I am trying to send a Slack notification every time a Job ends successfully.
To achieve this, I installed kube-state-metrics, Prometheus and AlertManager.
Then I created the following rule:
rules:
- alert: KubeJobCompleted
annotations:
identifier: '{{ $labels.instance }}'
summary: Job Completed Successfully
description: Job *{{ $labels.namespace }}/{{ $labels.job_name }}* is completed successfully.
expr: |
kube_job_spec_completions{job="kube-state-metrics"} - kube_job_status_succeeded{job="kube-state-metrics"} == 0
labels:
severity: information
And added the AlertManager receiver text (template) :
{{ define "custom_slack_message" }}
{{ range .Alerts }}
{{ .Annotations.description }}
{{ end }}
{{ end }}
My current result: Everytime a new job completes successfully, I receive a Slack notification with the list of all Job that completed successfully.

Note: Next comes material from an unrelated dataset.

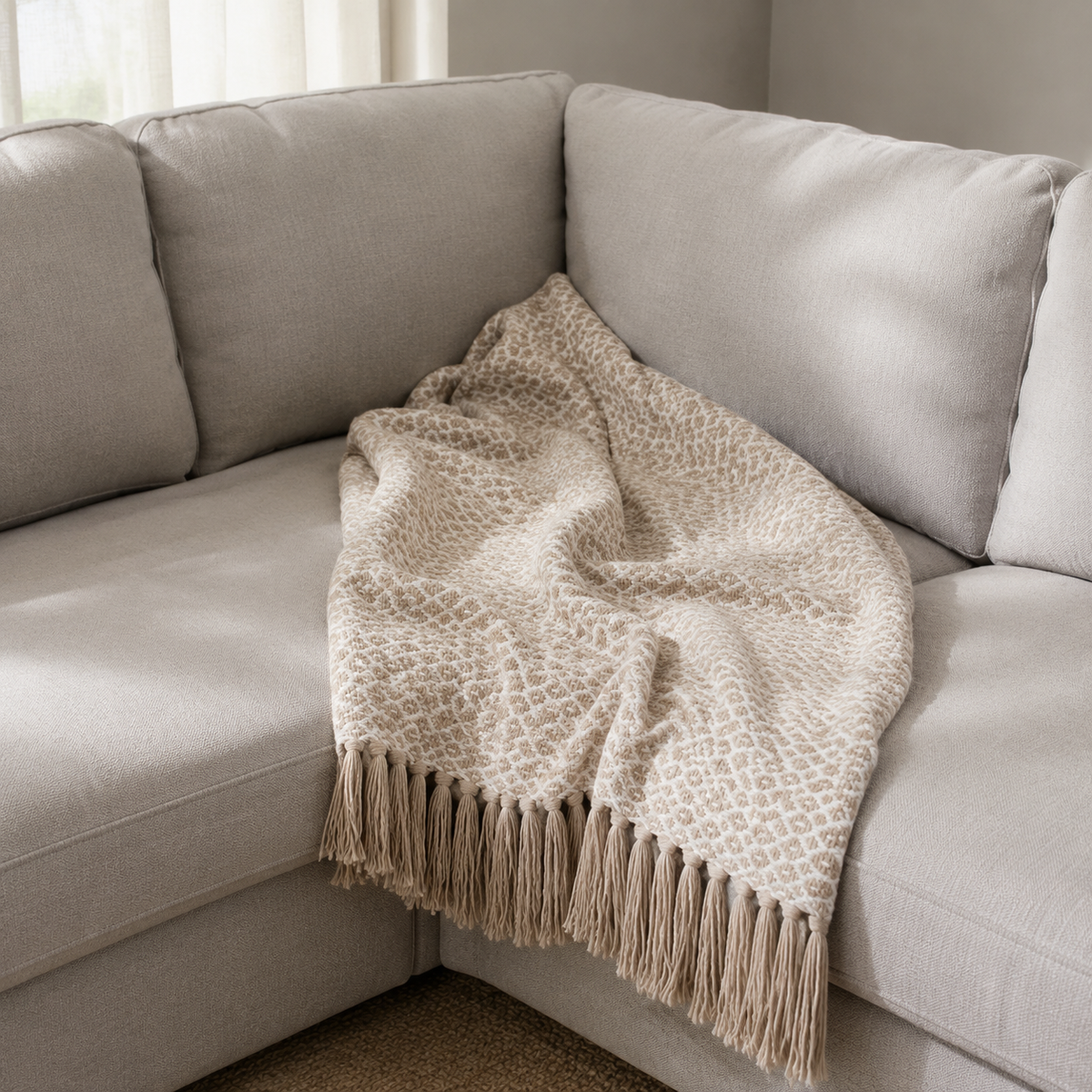 Malini Ansel Natural Cotton Throw 130x180 realistic lifestyle image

I don't mind receiving the whole list at first but after that I would like to receive notifications that contain only the newly completed job(s) in the specified group interval.
Is it possible?
I ended up using kube_job_status_completion_time and time() to dismiss past events (avoid refiring event upon repeat time).
rules:
- alert: KubeJobCompleted
annotations:
identifier: '{{ $labels.instance }}'
summary: Job Completed Successfully
description: Job *{{ $labels.namespace }}/{{ $labels.job_name }}* is completed successfully.
expr: |
time() - kube_job_status_completion_time < 60 and kube_job_spec_completions{job="kube-state-metrics"} - kube_job_status_succeeded{job="kube-state-metrics"} == 0
labels:
severity: information
Just add extra rule which will just display last completed job(s):
line: for: <10m>
- which will list just lastly completed job(s) in 10 minutes:
rules:
- alert: KubeJobCompleted
annotations:
identifier: '{{ $labels.instance }}'
summary: Job Completed Successfully
description: Job *{{ $labels.namespace }}/{{ $labels.job_name }}* is completed successfully.
expr: |
kube_job_spec_completions{job="kube-state-metrics"} - kube_job_status_succeeded{job="kube-state-metrics"} == 0
for: 10m
labels:
severity: information